Sean Monaghan (born May 21, 1981) is an American professional boxer of Irish descent competing in the light-heavyweight division.

Background

Before he was a professional boxer, he had a job as a bricklayer. His parents are from County Meath, Ireland.

Amateur career
Monaghan had about 15 amateur fights.

Before deciding to join the pro ranks, Monaghan competed in the 2009 New York Golden Gloves competition, losing at the final on points to Joe Smith Jr., at Madison Square Garden.

Professional career

Monaghan vs. Trigueno 
Monaghan made his professional debut in his hometown. He faced Simeon Trigueno. A body shot sent Trigueno down to a knee for an eight count. He beat the count but was dropped again by a straight right hand to the head and was saved by the bell to end the round. The ringside doctor put an end to the bout citing an injury. Monaghan was credited with a first round TKO.

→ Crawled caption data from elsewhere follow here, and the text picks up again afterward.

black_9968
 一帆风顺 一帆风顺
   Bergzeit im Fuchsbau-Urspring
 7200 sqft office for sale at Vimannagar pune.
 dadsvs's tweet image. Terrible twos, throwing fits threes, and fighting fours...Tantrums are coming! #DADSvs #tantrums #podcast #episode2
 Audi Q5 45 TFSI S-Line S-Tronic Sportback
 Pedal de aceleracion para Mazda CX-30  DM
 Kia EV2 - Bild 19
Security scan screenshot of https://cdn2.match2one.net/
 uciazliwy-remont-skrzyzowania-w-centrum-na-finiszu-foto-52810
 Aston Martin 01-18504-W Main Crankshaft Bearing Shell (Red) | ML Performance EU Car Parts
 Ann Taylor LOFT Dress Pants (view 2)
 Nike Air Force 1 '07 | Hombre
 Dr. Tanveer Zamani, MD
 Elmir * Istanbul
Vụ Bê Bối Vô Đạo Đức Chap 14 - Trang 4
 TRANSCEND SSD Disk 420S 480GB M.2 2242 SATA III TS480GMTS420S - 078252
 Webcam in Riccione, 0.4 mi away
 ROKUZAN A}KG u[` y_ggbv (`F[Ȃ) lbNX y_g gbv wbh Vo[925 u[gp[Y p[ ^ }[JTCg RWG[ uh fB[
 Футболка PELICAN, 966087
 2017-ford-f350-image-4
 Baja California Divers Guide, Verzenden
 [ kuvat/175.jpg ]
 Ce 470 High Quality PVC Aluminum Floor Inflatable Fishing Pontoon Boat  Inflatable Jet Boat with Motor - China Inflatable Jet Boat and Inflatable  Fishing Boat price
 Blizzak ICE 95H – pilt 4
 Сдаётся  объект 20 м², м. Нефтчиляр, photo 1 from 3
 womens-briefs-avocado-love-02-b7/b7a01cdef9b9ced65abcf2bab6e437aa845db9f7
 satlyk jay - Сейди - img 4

Monaghan vs. Pietrantonio 
Monaghan scored a fifth round TKO over Anthony Pietrantonio in the Garden's WaMu Theatre on October 22, 2011.

Monaghan vs. Johnson 
On June 14 in front of a capacity crowd at NY's Roseland Ballroom, Monaghan became the new WBC Continental Americas Light Heavyweight Champion with an 8th round TKO over Romaro Johnson

Monaghan has been working on sharpening his technique with greater emphasis on speed, head movement and combination work as opposed to merely looking to land the devastating kill shot, although he still possesses a keen ability to score knockouts.

Monaghan vs. Cantrell 
Monaghan appeared on the undercard of the WBO featherweight championship fight between Orlando Salido and challenger Mikey Garcia at Madison Square Garden Theater on January 19, 2013 where he defeated Roger Cantrell by unanimous decision in an eight-round fight.

Monaghan vs. Stanley 
On the April 13th Donaire-Rigondeaux undercard at The Radio City Music Hall Monaghan scored a first-round knockout of journeyman Dion Stanley (overhand right). This knockout propelled his career - convincing Top Rank Boxing's Bob Arum to sign the popular fighter.

Monaghan vs. Barrera 
Monaghan was defeated by Sullivan Barrera via unanimous decision in their 10 round contest on 3rd November, 2018. The scorecards were announced as 99-91, 99-91, 98-92 in favor of Barrera.

Monaghan vs. Johnson 
In his next bout, Monaghan faced Callum Johnson, ranked #15 by the IBF at light heavyweight. Johnson beat Monaghan by technical knockout in the 3rd round.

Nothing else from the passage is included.